Bei den Sängern gibt es eine Reihe von Comprimario-Partien, welche nicht weiter auffallen. Pauschale Namensnennung also: DANIEL PANNERMAYR (Oberpriester von Bethulien), JONGHOON YOU, NICHOLAS PROBST, SVEN BAKIN (Hauptmänner), MARTIN TZONEV (Assad; Gesandter von Mesopotamien), EGBERT HEROLD (Trabant), NINA UNDEN (Stimme). Ein laszives Solo hat die Tänzerin Karioca. Ein noch stärkeres Interesse vermag die mezzohelle CERI WILLIAMS auf sich zu ziehen. Als Abra, Judiths Dienerin, wird sie freilich ziemlich wuselig geführt. War da ein Komik-Kontrast beabsichtigt? JOHANNES MERTES absolviert als Hauptmann des Holofernes einen tenoral prunkenden Auftritt.

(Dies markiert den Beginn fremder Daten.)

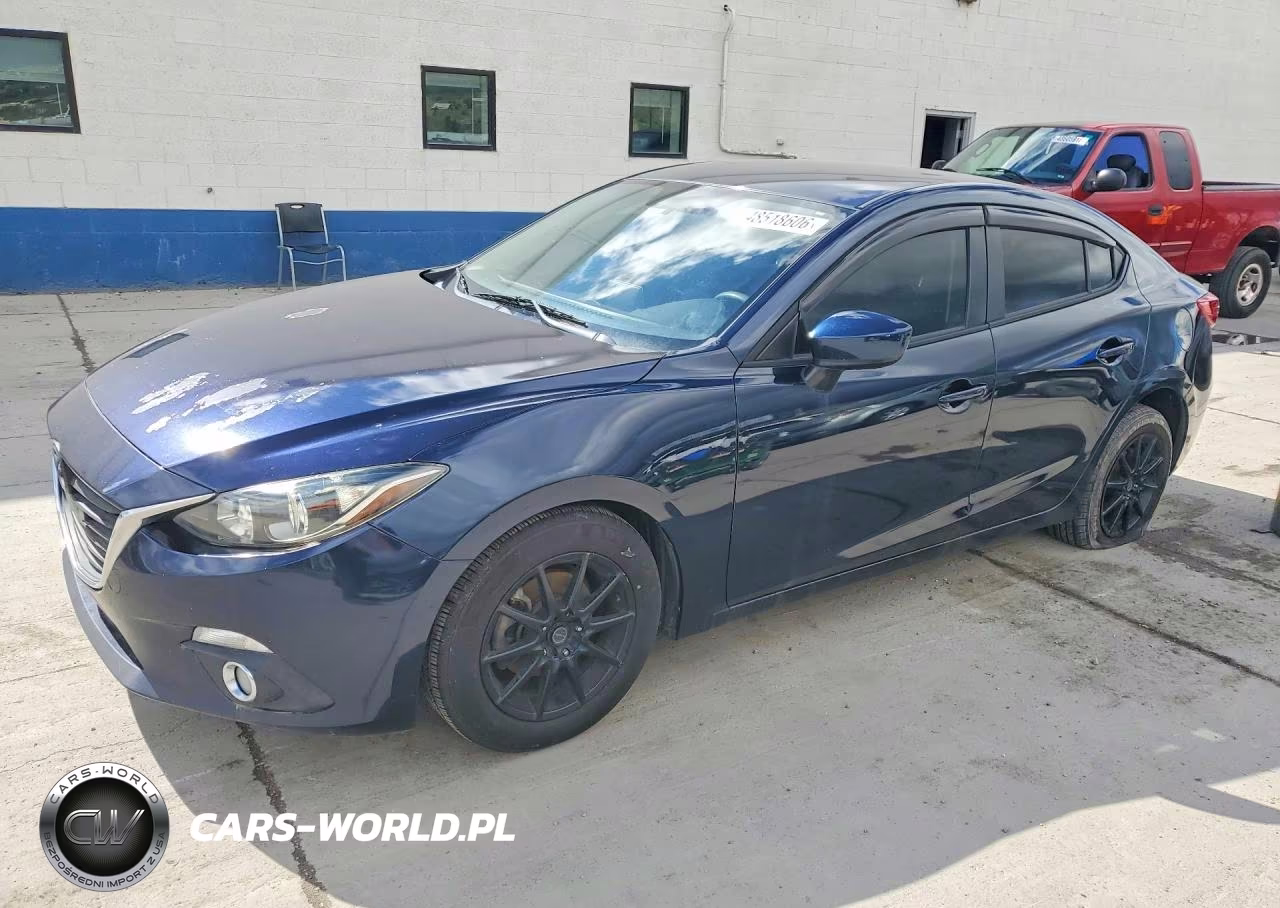 2016 Mazda 3 Sport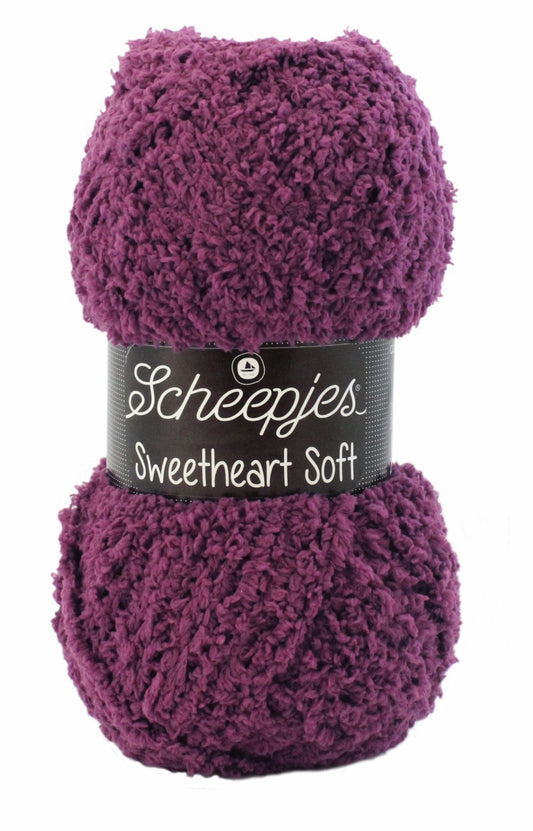 Scheepjes Sweetheart Soft Tyrian Purple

Die Titelpartie, also der wahrhaft abstoßende Holofernes, ist für MARK MOROUSE eine weitere heldenbaritonale Stufe in seiner eindrucksvollen Karriere an der Bonner Oper. Sängerisch exzellent, wird er in seiner durchaus ergiebiger vorzustellenden Rolle von der Regie indes kaum gefordert, ist im Grunde nur ein lärmiger Poltergeist. Auch in Judiths Innenleben hätte die Regie mehr forschen dürfen und müssen. Aber mit ihrem leuchtkräftigen, doch stets schlanken Sopran, welcher sich vor einiger Zeit auch bei Wagners Senta bewährte, hat die Südafrikanerin JOHANNI VAN OOSTRUM alle nur denkbaren Sympathien auf ihrer Seite.